Metastability and Synchronizers in Chip Design

Introduction

As chip designs become more complex and power constraints tighten, single-clock designs are increasingly rare. Most chips are driven by multiple, and sometimes dozens or hundreds of, asynchronous clocks. Whenever multiple clocks are present, designers must address clock domain crossing (CDC) issues; a primary concern in such designs is metastability.

1. Metastability

1.1 What is metastability

Metastability refers to a condition during normal circuit operation in which a signal does not resolve to a stable 0 or 1 within a bounded time. In multi-clock designs metastability is unavoidable. The goal is to reduce its occurrence and propagation and to mitigate its harmful effects.

1.2 Why metastability occurs

Storage elements such as cross-coupled inverters, SR latches, D latches, and D flip-flops have two stable states, 0 and 1, which allow them to store a bit. Metastability is a state that is neither a firm 0 nor 1, or where the eventual state cannot be determined with certainty. This arises because real devices are not ideal: they can exhibit analog behavior during transitions. For example, an ideal CMOS inverter has a well-defined voltage transfer characteristic, but actual devices can take nonideal paths through that characteristic when inputs change near timing thresholds.

1.3 Hazards of metastability

Before resolving to a stable logic level, a metastable output may glitch, oscillate, or sit at an intermediate analog voltage. Besides causing logic misinterpretation, an intermediate voltage can induce metastability in downstream stages, causing propagation of the condition. Design techniques such as Gray-code counters in asynchronous FIFOs can reduce the impact of logic misinterpretation, but propagation of metastability enlarges the fault surface and is harder to control.

1.4 Quantifying metastability

Because metastability cannot be completely eliminated, designers quantify its risk using mean time between failures (MTBF). MTBF estimates the average time between events where metastability leads to a system-level failure; a higher MTBF indicates a more robust design. The MTBF for a register can be calculated using standard metastability models and parameters such as resolution time constant, setup/hold violation window, clock frequency, and asynchronous input toggle rate.

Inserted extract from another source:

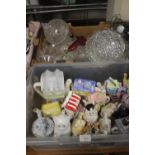 A TRAY OF NOVELTY TEAPOTS TOGETHER WITH A TRAY OF GLASSWARE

1.5 Reducing metastability

Metastability is an intrinsic property of physical devices and cannot be entirely removed. However, adherence to established design rules can reduce its occurrence and propagation, and mitigate its effects. With proper synchronization and timing practices, even large-scale processors and accelerators can be designed to make metastability-induced failures extremely unlikely.

2. Synchronizers

2.1 Sampling across clock domains

A common misconception is that a signal crossing clock domains must be sampled by every receiving clock edge without missing any value. In practice, designers must explicitly consider sampling requirements and choose synchronization strategies that preserve the necessary semantics for the signal being transferred.

2.2 Two-stage flip-flop synchronizer

The simplest and most widely used synchronizer is the two-stage flip-flop chain: an asynchronous source feeds a first flip-flop in the destination clock domain, whose output then feeds a second flip-flop. This gives the first flop additional time to resolve any metastability before its value is used elsewhere in the destination domain.

2.3 Three-stage or multi-stage synchronizers

At very high speeds or for particularly critical signals, a two-stage synchronizer may not provide sufficient MTBF. In such cases a three-stage or multi-stage synchronizer is used to increase the effective resolution time and improve MTBF. MTBF for two- and three-stage flip-flop synchronizers can be calculated using established formulas that account for stage count, resolution time constant, clock period, and input toggling characteristics.

2.4 Synchronizer input: register at the source clock

Another common requirement when using synchronizers is that the signal crossing clock domains should originate from a register clocked by the source domain. In other words, the cross-domain signal should be the output of a register; it should not pass through combinational logic between the source register and the synchronizer input. This practice reduces the effective uncertainty window and improves synchronization reliability.

3. Conclusion

Clock-domain crossing is one of the most important topics in chip design. Understanding metastability and how to use synchronizers is a foundational part of CDC design. A solid grasp of these concepts is necessary to apply CDC techniques effectively and to design robust multi-clock systems.